Absolutely! Some bulbs laugh at heavy spring snows. Some bulbs are distasteful—or poisonous—to deer, rabbits, and squirrels. The trick is picking the right ones.
First is to skip the tall, impressive tulips and daffodils. Sure, they look great, but they’re sure to be flattened by our heavy spring snowstorms. Big and top-heavy, they just can’t bounce back. If you’re truly determined to grow tall bulbs, make sure you have plenty of boxes and tubs at hand to cover them when it snows. Me, I can’t be bothered. Instead, look for the short plants—miniature daffodils (Tete-a-tete, Minnow, etc.) and species tulips (left). Plant these short flowers in the front of the border, under late-to-leaf-out shrubs, or in a rock garden where you’ll be sure to notice them. They may be buried, but they resurrect themselves as soon as the snow melts.

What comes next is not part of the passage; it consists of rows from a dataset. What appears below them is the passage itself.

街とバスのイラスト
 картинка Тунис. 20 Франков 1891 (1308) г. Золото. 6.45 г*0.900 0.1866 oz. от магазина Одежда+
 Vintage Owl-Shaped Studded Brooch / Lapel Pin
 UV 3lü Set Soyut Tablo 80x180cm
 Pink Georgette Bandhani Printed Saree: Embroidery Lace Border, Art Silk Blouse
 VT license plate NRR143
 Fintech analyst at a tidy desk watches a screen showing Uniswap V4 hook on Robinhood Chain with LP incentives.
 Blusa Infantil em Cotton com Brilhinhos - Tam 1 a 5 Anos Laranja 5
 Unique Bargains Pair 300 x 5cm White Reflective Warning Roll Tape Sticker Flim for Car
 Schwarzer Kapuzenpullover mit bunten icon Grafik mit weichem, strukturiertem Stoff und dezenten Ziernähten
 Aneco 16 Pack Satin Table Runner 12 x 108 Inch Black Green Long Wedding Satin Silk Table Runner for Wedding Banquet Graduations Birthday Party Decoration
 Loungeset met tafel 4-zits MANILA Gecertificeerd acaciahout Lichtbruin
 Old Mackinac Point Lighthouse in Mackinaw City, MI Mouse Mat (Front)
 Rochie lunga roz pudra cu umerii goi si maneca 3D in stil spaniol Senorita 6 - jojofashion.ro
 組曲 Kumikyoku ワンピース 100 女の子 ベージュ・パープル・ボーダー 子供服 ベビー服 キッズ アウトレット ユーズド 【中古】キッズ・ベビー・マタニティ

Likewise, many so-called “minor bulbs” flourish in spite of repeatedly being dumped on. The first fall in our new house, I scattered a swath of 60 Chionodoxa bulbs under a newly planted lilac tree. Appropriately called Glory of the Snow, they bloomed while everything around them was still dormant, spreading sky-blue across the mulch. The catalog claims they’ll naturalize and increase. I certainly hope so!
Snow isn’t the only hazard of a Colorado spring. Hungry deer, rabbits, squirrels, and other critters are looking for something—anything—to eat, and a pretty flower is mighty tempting. Unless you can protect them with some sort of physical barrier (so attractive, right?), buying tasty bulbs is just an expensive way to feed the wildlife.
This is why God created poisonous plants. Some bulbs have managed to get ahead of the herbivores: daffodils and hyacinths are two popular flowers that animals will avoid. (I found that rabbits had nibbled on my early emerging daffodil foliage, but quickly stopped.) Autumn blooming Colchicum autumnale is also deadly in sufficient quantities.
Then there are bulbs that are poisonous to some animals, but not to others. Summer’s lilies are deadly to cats, but won’t hurt dogs. Snowdrops (Galanthus nivalis) are on lists of plants dangerous to pets, but there’s no mention of how they affect wildlife. (Still, they would be worth a try.) And strangely, tulips were on every poisonous plant list (they contain poisonous glycosides, as do daffodils), yet I’ve seen squirrels digging them up and gulping them down! This squirrel was having a tulip feast at the Denver Botanic Gardens, proving that even the experts lose plants to hungry critters.
This is the best time to plant spring-blooming bulbs. Choose wisely so that your (back-breaking, knee-destroying) labor is not in vain.